Determine the equation of a leastsquares regression line using technology or computer output.

Construct and interpret residual plots to assess whether a regression model is appropriate.
Activity: How many iPhones will be sold?
Before you begin the activity, it's worth discussing with your students, "How does the computer or calculator find the line of “best” fit? What makes it the line of best fit?" Using this Desmos eTool we let students try to move the line into the “best” spot (be sure you hide the line of best fit to start). They discovered that the the line of “best” fit is the one that minimizes the sum of the squared residuals (the least squares regression line!). This can also be done nicely using the statistical software Fathom. Now students are ready for the activity!

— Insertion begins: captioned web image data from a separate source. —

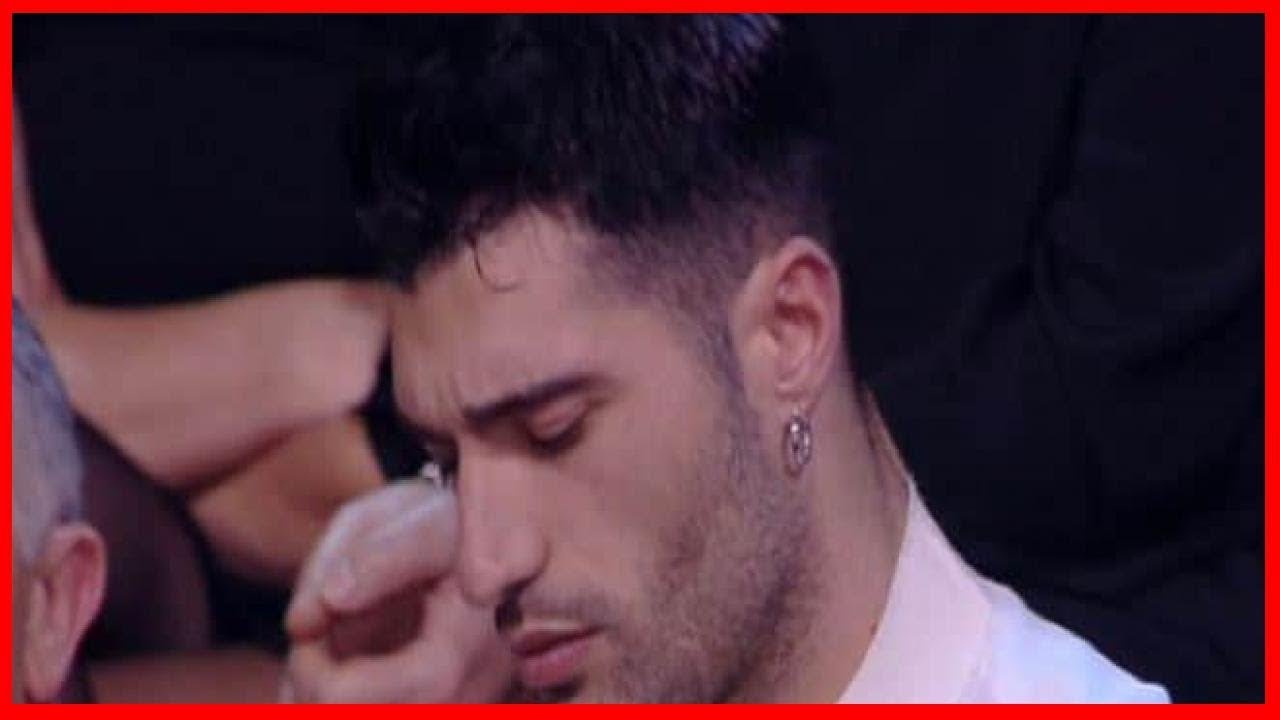 Grande Fratello 16: Michael Terlizzi ha una malattia invalidante, la confessione commuove tutti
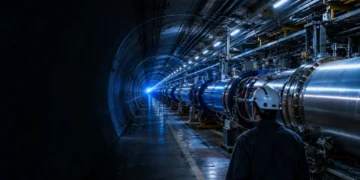 La physique des particules tourne en rond face au mur du modèle standard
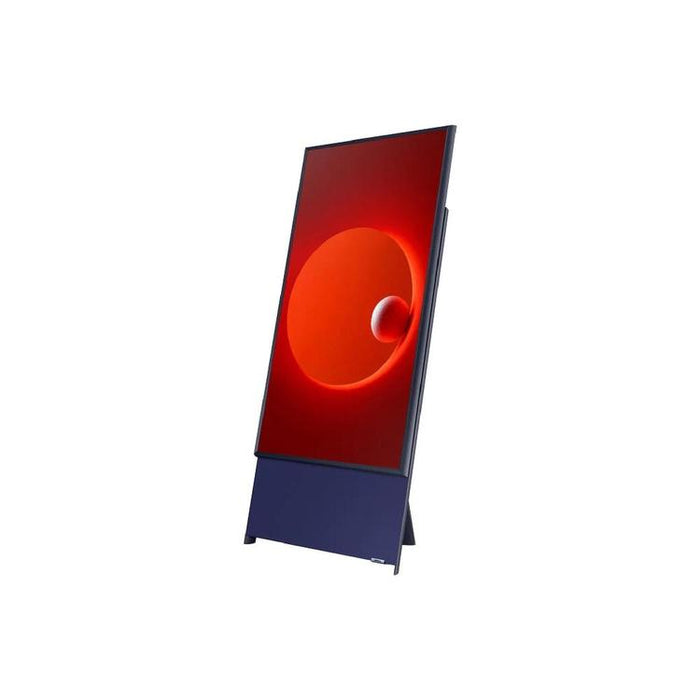 Samsung QN43LS05TAFXZC | Téléviseur Intelligent 43" The Sero QLED - 4K Ultra HD - HDR-Sonxplus Victo/Thetford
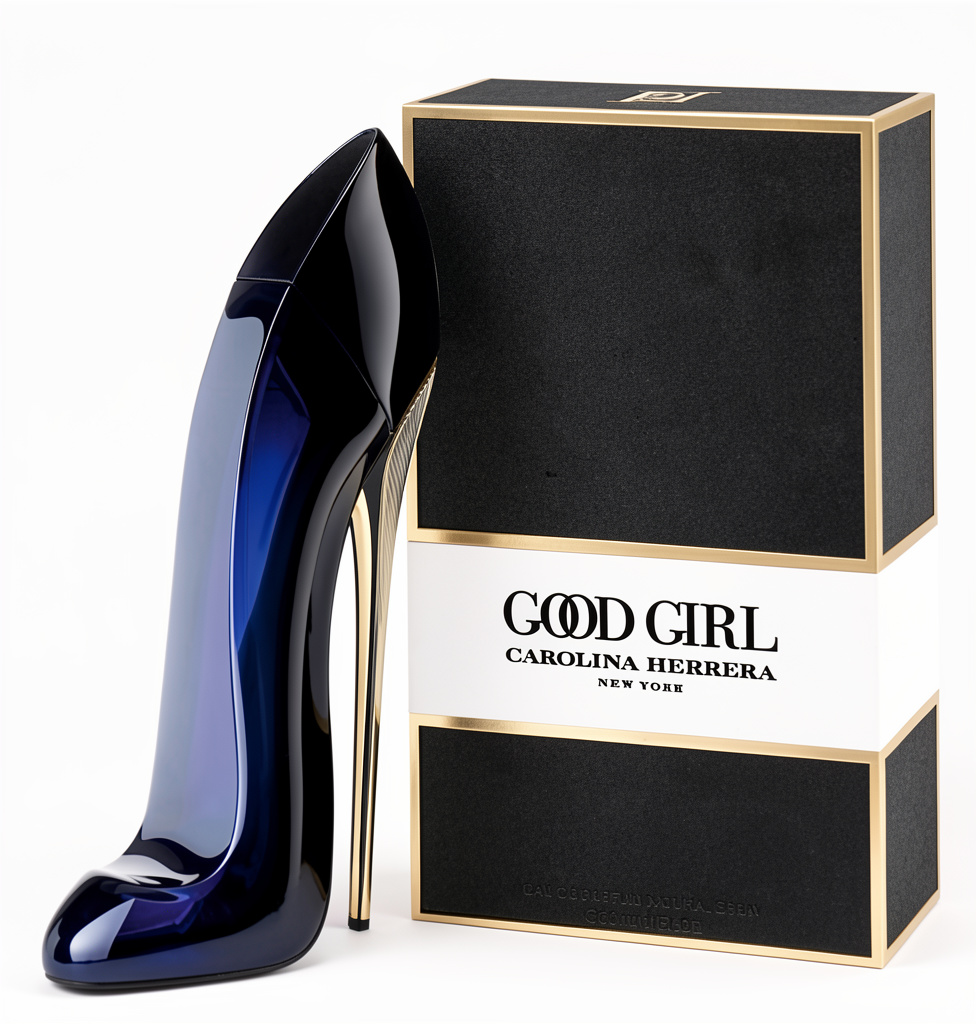 CH GOOD GIRL 80ML EDP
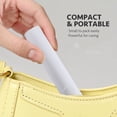 thumbnail image 5 of Lámpara UV de mano, mini lámpara de uñas, lámpara de uñas LED portátil, secador de uñas USB de curado rápido para uñas de gel, 5 of 5
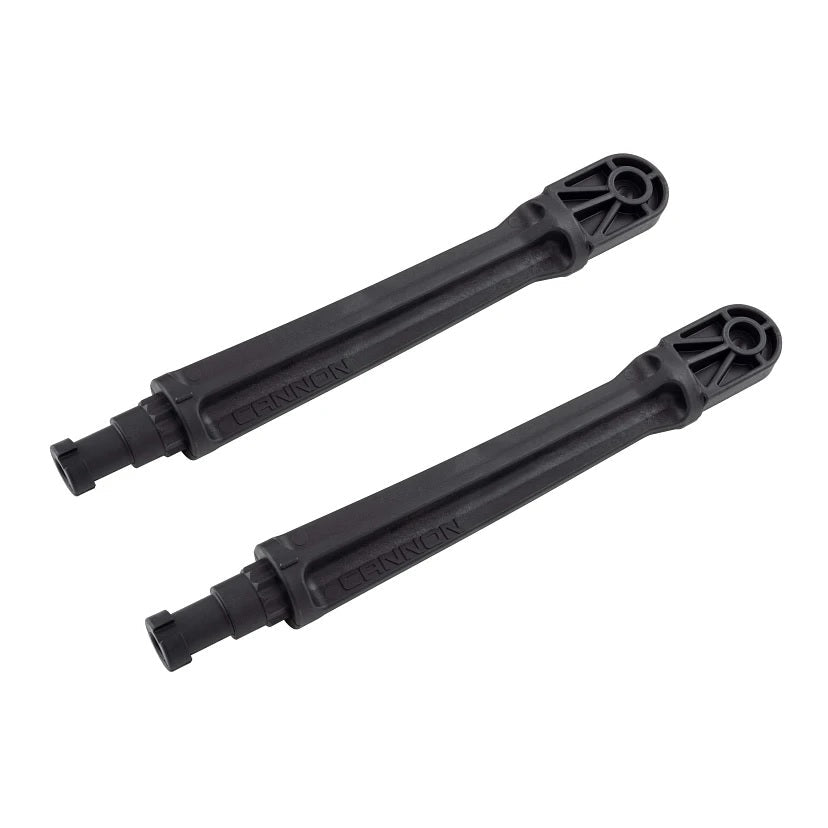 Cannon Extension Post Two Pack - Clinch River Fishing USA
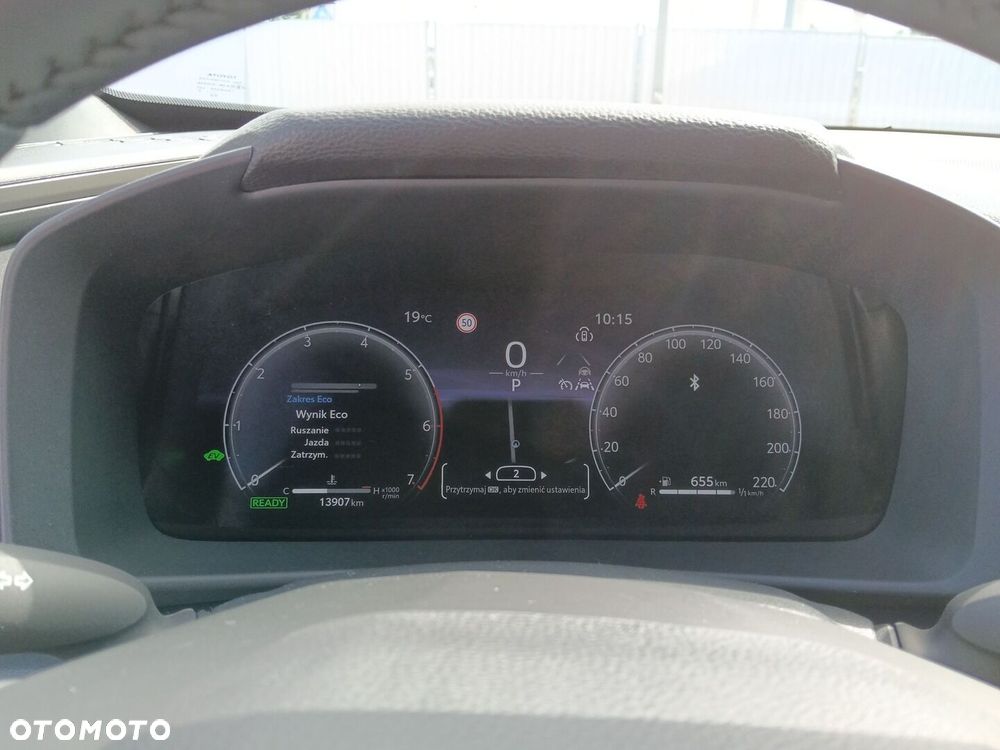 Toyota C-HR 1.8 Hybrid Style - 21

The iPhone 8 was just announced, and we were wondering how many Apple will sell. To help us make a good prediction, we looked up the sales for all the previous iPhones. Apple stopped releasing sales data after the iPhone 6S. It turns out that this data set is a beautiful example of nonlinear data. Even so, students are asked find a line of best fit, and then examine the residuals. In the end, we want students to understand how to make a residual plot and to recognize that a pattern in the residual plot is a signal that the model we have chosen is not appropriate.
Teaching Tip:
When asked if a linear model is appropriate, students will sometimes incorrectly use only the correlation value, r, to justify linearity. However, a strong correlation value doesn’t mean an association is linear. An association can be clearly nonlinear and still have a correlation close to ±1. Only a residual plot can adequately address whether a line is an appropriate model for the data by showing the pattern of deviations from the line. For example, graphing the function y = x^2 for the integers 1 to 10 yields a correlation of r = 0.97, but the residual plot shows an obvious pattern.